__Work item__:
Write out each record exactly as it stands. No pictures belong in the copy.

Pictures with short captions:
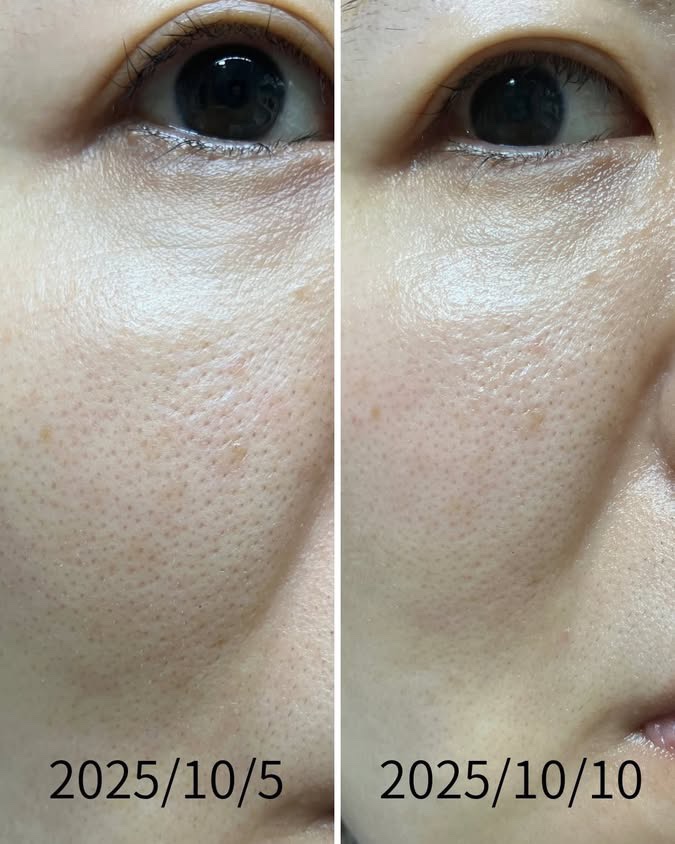 【記録用】

保湿クリームと朝晩パックに加え、
洗顔を酵素洗顔に変えてみたのが、
こちらの写真になります。

どうでしょうか5日間でこの変化はなかなか良いような気もしてます。

でもなかなか毛穴の開きが閉じない。
これは加齢のせいなのでしょ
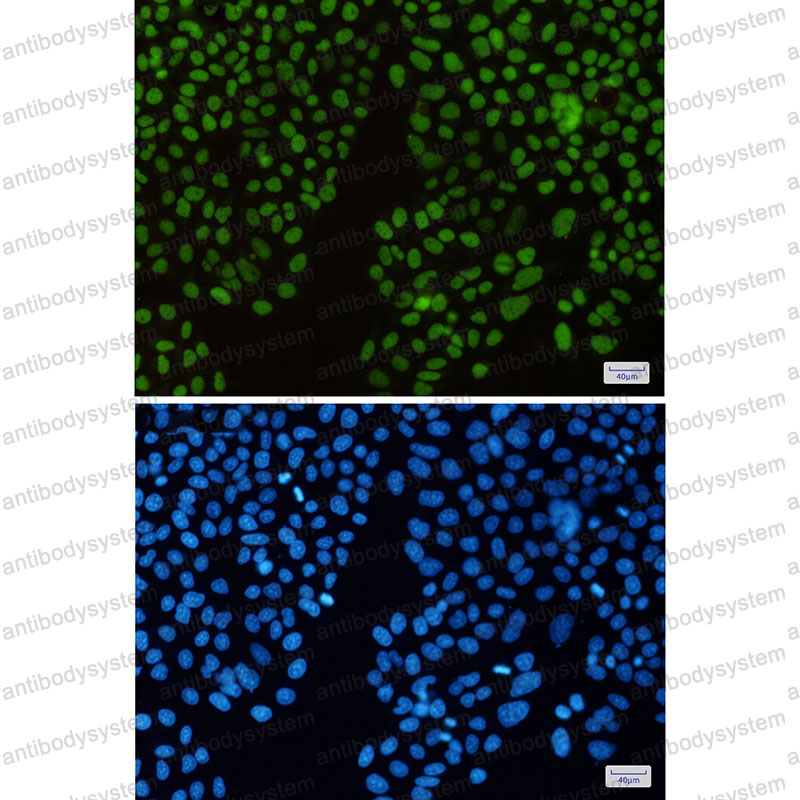 Anti-HAT1 Antibody (R1D41)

__Problem solution__:
 【記録用】

保湿クリームと朝晩パックに加え、
洗顔を酵素洗顔に変えてみたのが、
こちらの写真になります。

どうでしょうか5日間でこの変化はなかなか良いような気もしてます。

でもなかなか毛穴の開きが閉じない。
これは加齢のせいなのでしょ
 Anti-HAT1 Antibody (R1D41)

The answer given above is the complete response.